Umzimkhulu Municipality in Sisonke District of KZN was selected by the Department of Water Affairs to pilot this project that was initiated as part of the IWRM (Integrated Water Resource Management) programme being funded by the Danish Embassy (DANIDA). Umzimkhulu was part of the Eastern Cape until it was recently absorbed into Kwa Zulu Natal. The area has one of the lowest levels of development in KZN as demonstrated in this base-line survey which highlights that safe drinking water supply is a major challenge with only 15% of households having access to a safe water source whilst the remaining households have to use open ground water, usually in the form of unprotected springs. As this surface water is open to contamination it needs to be treated or boiled before consumption. Sanitation usually consists of a household pit latrine and although the coverage is high at 90%, around 50% are unhygienic, smell and attracted flies which would account for the high levels of diarrhoea in the area. Most social scientists would agree that changing people’s hygiene habits is notoriously difficult, and there are few good case studies to-date. Africa AHEAD was commissioned as service provider to introduce a health promotion campaign in the 1st phase of an holistic development package that would build the capacity of the community through health clubs, with the objective of developing a community-led demand for improved water and sanitation.

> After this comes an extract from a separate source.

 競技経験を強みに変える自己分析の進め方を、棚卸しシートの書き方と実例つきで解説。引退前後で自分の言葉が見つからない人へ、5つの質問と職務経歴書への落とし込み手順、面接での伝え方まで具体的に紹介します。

Although Africa AHEAD has initiated Community Health Clubs in informal settlements, this is the first pilot project in South Africa to be implemented in a rural community.
- Country: South Africa
- Period: 2009
- Donor: Danida
- Partner: Department for Water and Forestry
- Province: Kwa Zulu Natal
- Number of Villages: nine
- Number of households:
- Number of CHCs: 2
- Number of Members: 120
- Percentage CHC coverage: 57%
- Number of EHTs: 1
- Number of CHC facilitators: 2
- Number of beneficiaries: 800
COMMUNITY HEALTH CLUBS IN UMZIMKHULU
In February 2009, working with the Umzimkhulu Municipality and local councillors, a Community Health Club was started in each ward. Africa AHEAD trained facilitators from the community in how to conduct health promotion sessions using PHAST participatory activities to promote hygiene behaviour change. Almost 1,000 members were registered and weekly sessions were held in all nine wards. Attendance rates varied according to the proficiency of the facilitator, but although most members attended some sessions, there were 550 hard-core members who completed all 24 health topics within six months. Certificates were awarded at a Graduation Ceremony in September 2009, attended by district and provincial representatives which marked the end of the pilot project. In the next phase, relevant government departments are planning to use these well mobilised communities to improve water, sanitation and quality of life through agricultural and income generating activities.

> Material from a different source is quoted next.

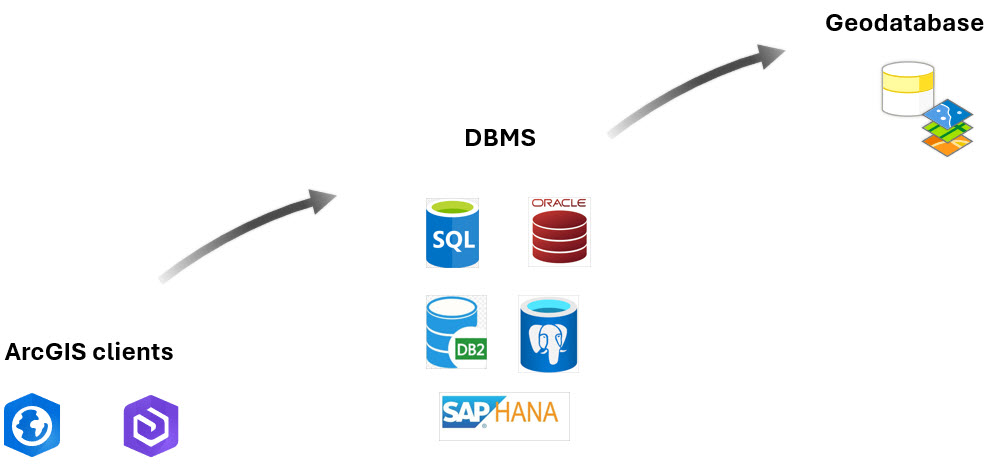 Elements to consider when planning for an upgrade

Above: Hygiene Behaviour Change indicators in 9 CHCs in rural Umzimkhulu, Kwa Zulu Natal, after six months of CHC Training (2009)

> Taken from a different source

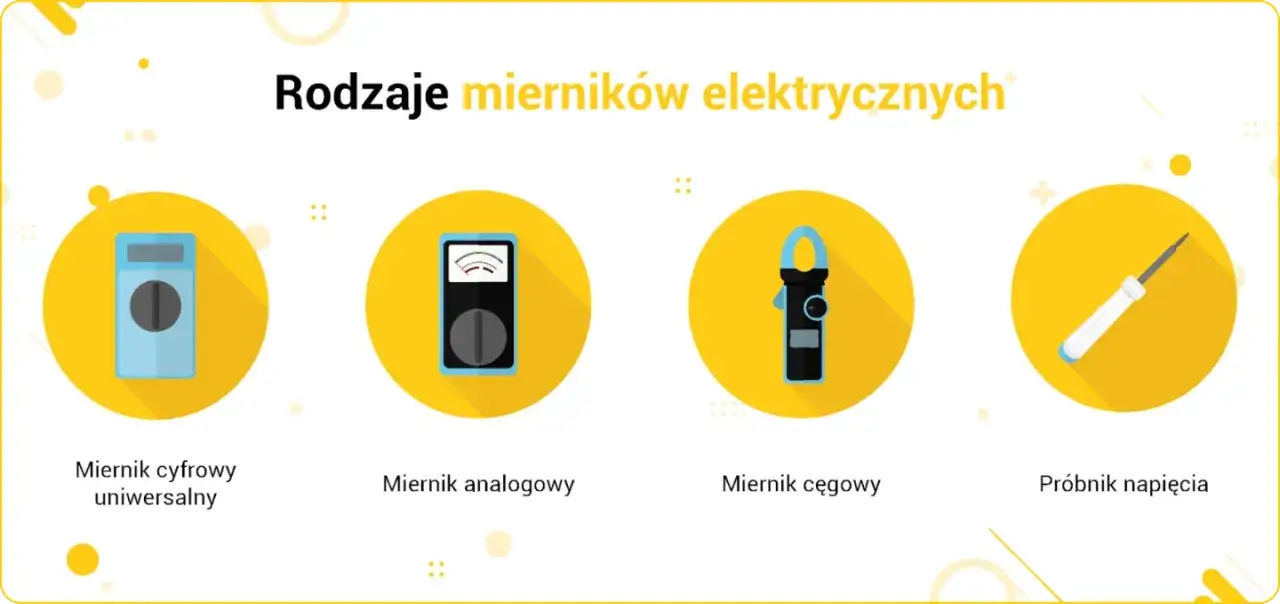 różne typy multimetrów i ich funkcje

The levels of behaviour change as a result of this project are exciting, with an overall average of 20%, which is considered high comparing similar programmes (WSP-World Bank, 2002). In the post intervention survey (September 2009), it was found that 76% of all registered members are now following the recommended practices promoted during the weekly health promotion sessions. As is shown in the chart below, whereas before the project only 18.1% had safe water, there is an 41% change. Although the water source is still not safe, 51% now treat their water, 86.1% store it safely and 87% take it using a ladle, so minimizing contamination. Sanitation has improved by 14%, from 71.1% with no open defecation to 87.8% of members having ZOD (Zero Open Defecation) defined as clean covered latrines with no faeces. In addition, whereas only 29% of member households had a dedicated hand washing facility near their latrine at the beginning of the project, 70.1% have now constructed a simple facility that allows them to wash their hands immediately upon exiting their latrine. Even more impressive is the use of soap for hand washing that has risen from 40.1% in February to 68.4% six months later. An observable indicator is an 18% drop in Ringworm seen in CHC households, a disease caused by infrequent washing and lack of soap, 87.7% mother can now prepare SSS correctly, so saving babies that might have died from dehydration. There is little doubt that family health has been improved where health clubs have been established in Umzimkhulu, and demand to scale up this programme to all other wards is high. Meanwhile the self-motivated improvements that some Health Clubs have already made contingency measures to protect their water sources. without any external financial or technical assistance. Each CHC now has a trained building group, now constructing safe latrines on demand for members. This display of self reliance validates the CHC Approach, which aims to empower communities so that they manage their own health and utilize existing resources more effectively, at least until government can provide the required services.